The key to a superior end product when preserving your herbs is to harvest your herbs at the peak of freshness. In the case of cilantro, this plant requires moisture so the optimal time to harvest is when it is cooler out with a bit of dampness, such as early morning or evening.
It should be noted that cilantro leaves are best used fresh as they quickly lose their flavor when dried. Many experts believe that drying isn’t worth the effort.
Cilantro Prep for Any Preservation Method
After gathering your cilantro leaves, rinse them under running water to remove any debris.
Shake off the excess water and lay them in a single layer on paper towels. Allow plenty of space between the leaves. Cover with another paper towel and allow them to fully dry.
Freezing Method: Because the flavor of cilantro is not preserved when drying, freezing is probably the best method of preservation if you can’t purchase fresh. Freezing cilantro is easy. All you need to do is separate the leaves from the stem, discard the stem and toss the leaves into an airtight, freezer-safe container. Clear freezer bags work well. Use frozen.
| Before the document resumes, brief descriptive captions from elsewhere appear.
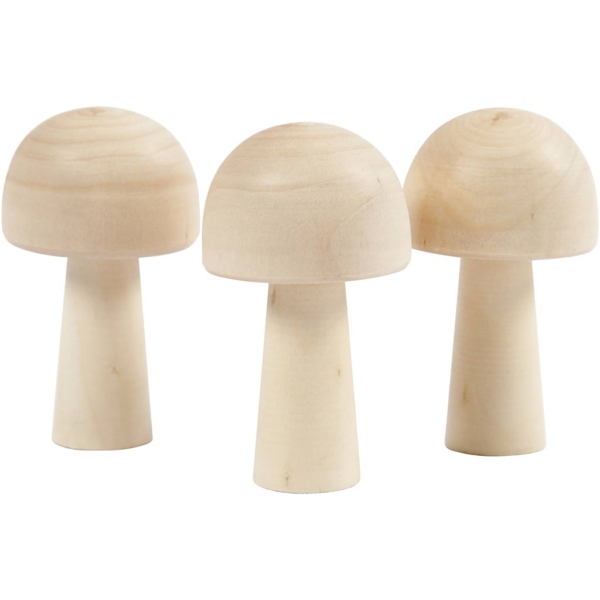 Pilz, H 5,2 cm, D 2,9 cm, 3 Stk/ 1 Pck – Bild 3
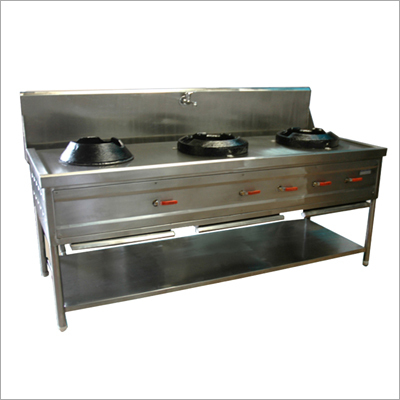 Three Burner Chinese Range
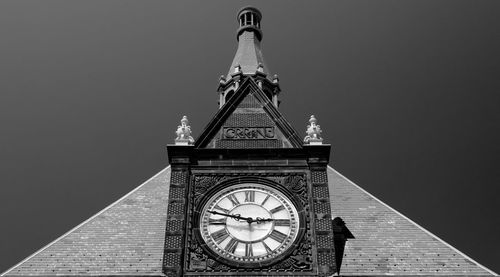 Low angle view of clock tower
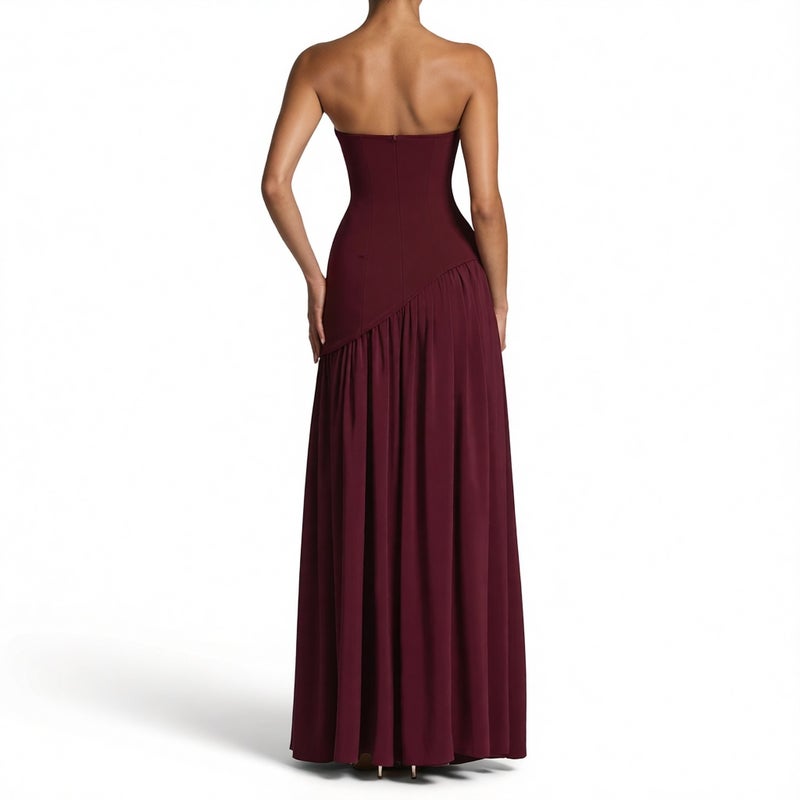 Women's Summer Pleated Split Dress - Image 4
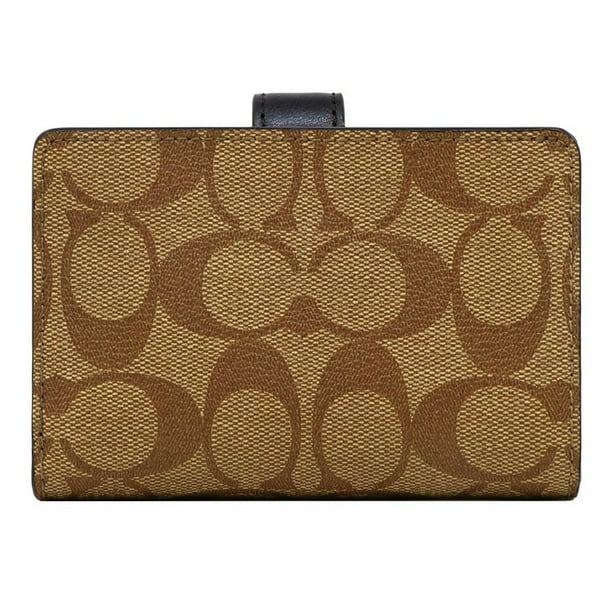 Cartera Coach F23553 Medium Corner Zip Wallet Miel Coach F23553 Bodega Aurrera en linea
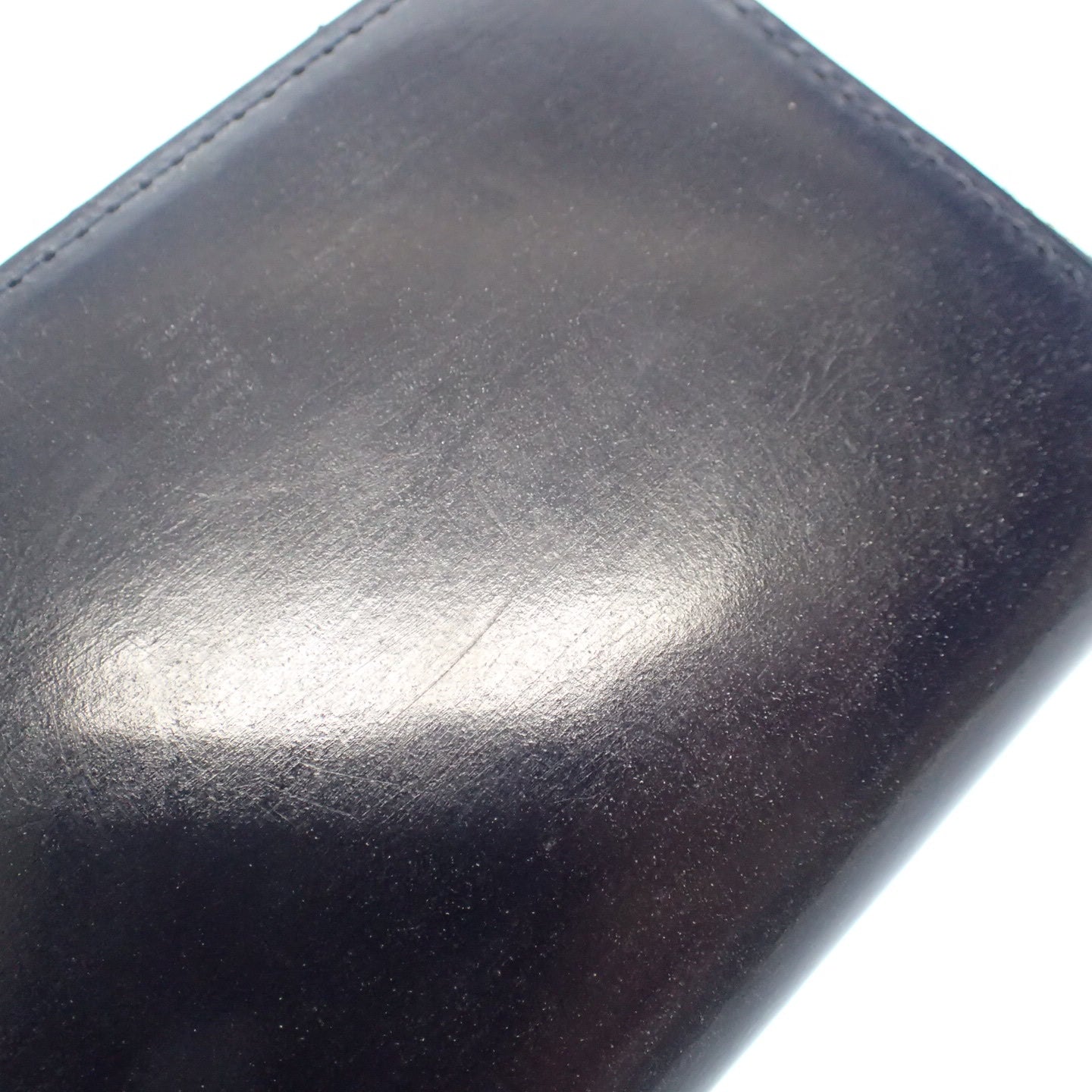 Very good condition ◆ COCOMEISTER Coin Case Cordovan Leather Navy COCOMEISTER [AFI1]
Air Drying Method: To air dry cilantro, you will need to harvest the complete stalk. Bundle the stocks together and secure with a rubber band. Now you simply need to find a cool, dry, dark (or at least away from direct sunlight) place to hang the bundle until it dries. If you want to dry individual leaves you can place them on a window screen that isn’t being used.
Oven Method: To dry cilantro in the oven, preheat to 100°F. Arrange the leaves in a single layer on a cookie sheet, allowing plenty of space between the leaves. Pop in the oven leaving the door slightly ajar to prevent moisture from building up. Check frequently. This is a fast drying method and the leaves can quickly become singed. When the leaves crumble easily they are ready.
How to Dry Coriander
When the cilantro plant bolts, the seeds it produces yet another delightful spice called coriander. In order to harvest your coriander seeds you need to wait until the plant and seeds turn brown. Cut the seed stalk from the plant and toss it into a brown paper bag. Shake the bag to loosen the seeds. Now that you have your seeds, you will need to pick out all the stems and any other debris.
You can store the seeds in an airtight container and use them as is, use a mortar and pestle to crush them for individual use, or use a small coffee grinder or pepper mill to make up a batch of ground coriander for storage.